Files for exhibitions include American Prints Today 1959 and 1962 , the VII São Paulo Biennial exhibition Eleven American Printmakers (1963), the New York World's Fair of 1964-1965, and 30 Contemporary American Prints (1964). Project files include documentation for the Index to Print Catalogues Raisonné database, other publishing and research projects, surveys, a print collection in India, the People-to-People Program, the sales of an Edgar Degas work, and project proposals.
Financial records consist of cash vouchers, check stub books, financial reports, disbursement and cash receipt ledgers, The Lessing and Edith Rosenwald Foundation grant information, paid bills, and tax information. In printed materials are issues of Print Council's Newsletter, press releases, print sales and exhibition catalogs, reprints of advertisements, informational flyers created by the council, and a booklet marking the council's 50th anniversary.
The collection is arranged as seven series.
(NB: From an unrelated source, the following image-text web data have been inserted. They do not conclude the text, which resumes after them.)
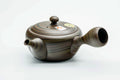 Dark green nerikomi Tokoname kyusu, front view with the spout pointing left and the lid seated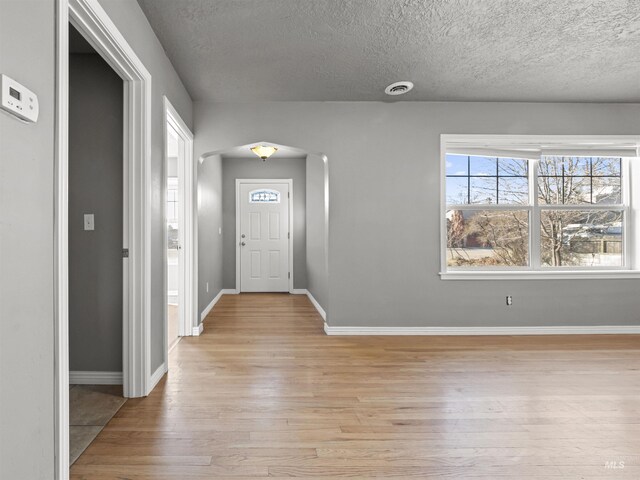 3500 W Overland, Boise, ID 83705 - entryway featuring baseboards, light wood-type flooring, arched walkways, and a textured ceiling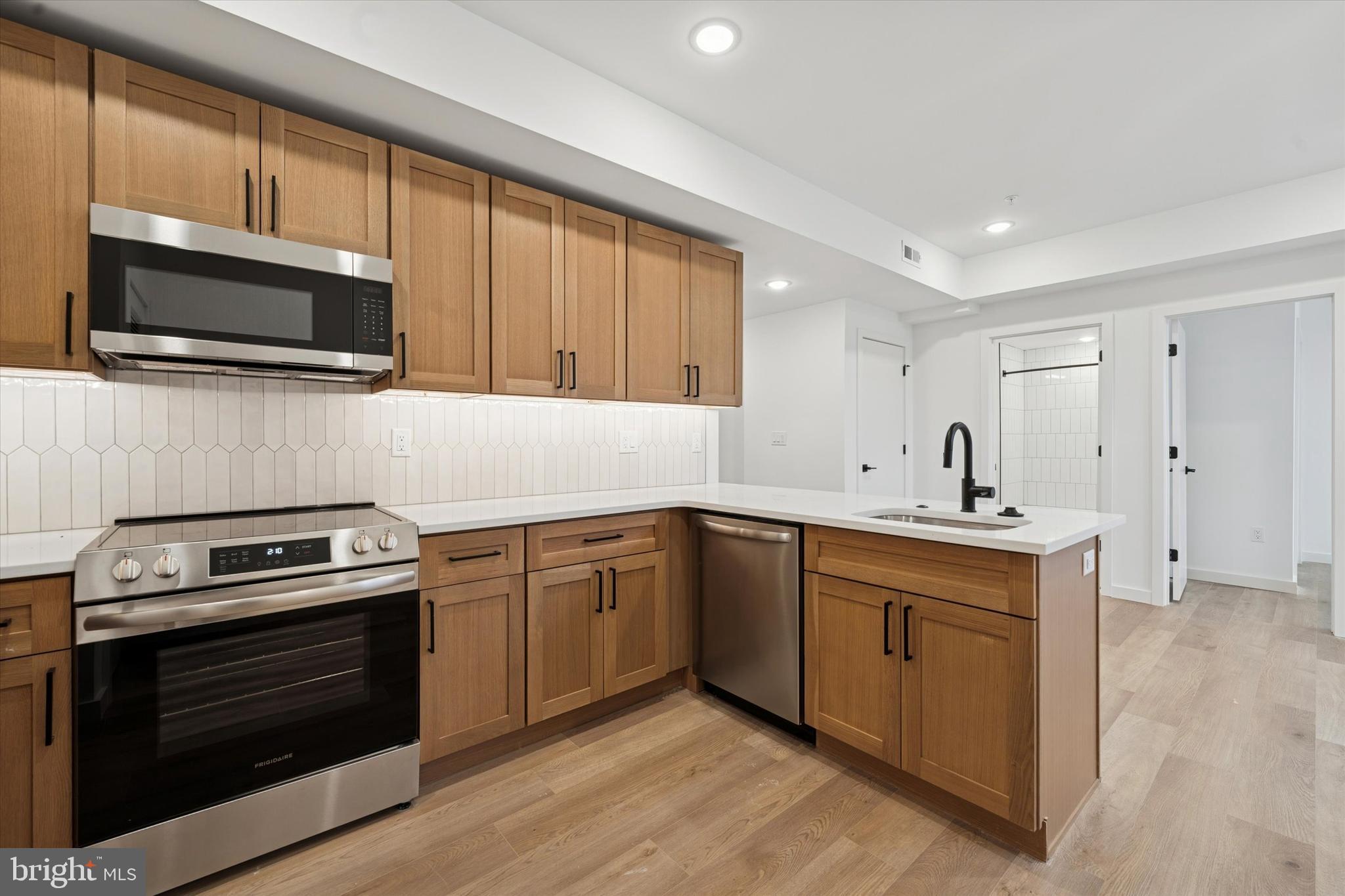 a kitchen with stainless steel appliances a stove microwave and sink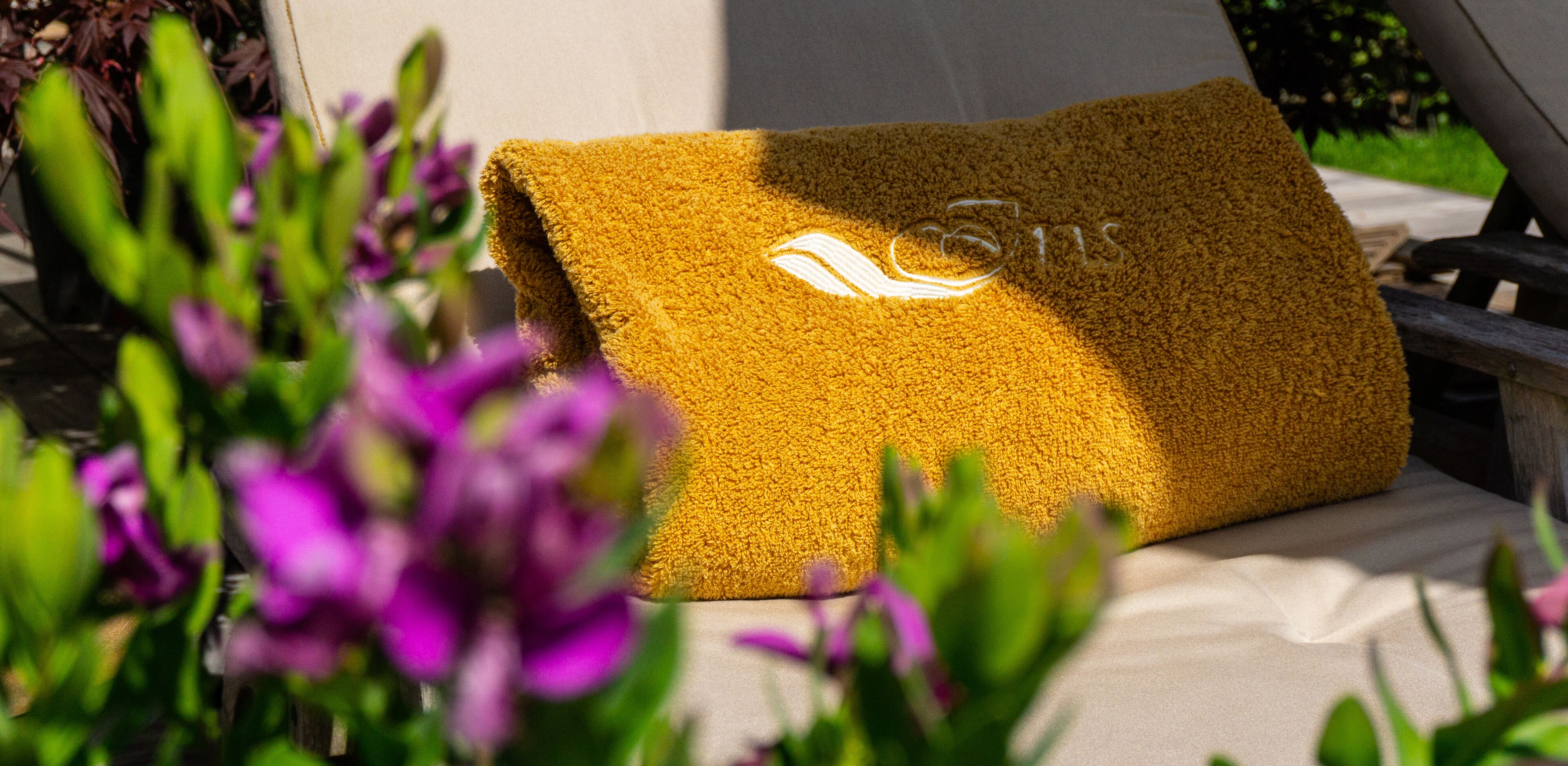 Una toalla doblada con un logotipo sobre una cama en una habitación con vistas a zonas verdes.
Series 1: Administrative Files, 1955-2016 (9.2 linear feet; Boxes 1-7, 24-28, OV 29; 0.26 gigabytes, ER01)
Series 2: Correspondence and Subject Files, 1953-2016 (5.9 linear feet; Boxes 7-12)
Series 3: Oral History Project, 2006-2016 (0.4 linear feet; Box 13; 2.08 gigabytes, ER02-ER13)
Series 4: Exhibition Files, 1956-2005 (3.0 linear feet; Boxes 13-16, OV 29)
Series 5: Project Files, 1956-2013 (3.4 linear feet; Boxes 16-19, OV 29)
Series 6: Financial Records, 1956-1995 (1.5 linear feet; Boxes 19-21)
Series 7: Printed Materials, 1951-2016 (1.1 linear feet; Boxes 21-22)
Biographical / Historical:
The Print Council of America (est. 1956- ) is a non-profit, professional organization of print specialists in Boston, Massachusetts.
The idea of a print council began in 1954 when a group of prominent art collectors, curators, and scholars gathered in New York to discuss creating a national organization that could promote prints and print collecting. After much discussion, by-laws and other legal documentation were drawn up by Joshua Binion Cahn, a legal advisor for the Print Council of America, to establish the organization. Some of the earliest members of the council, including Adelyn Breeskin, Gustav von Groschwitz, Una Johnson, William Lieberman, A. Hyatt Mayor, Elizabeth Mongan, Paul J. Sachs, and Carl Zigrosser, were led by Lessing J. Rosenwald, an art collector and son of Julius Rosenwald, who was part owner of Sears, Roebuck and Company.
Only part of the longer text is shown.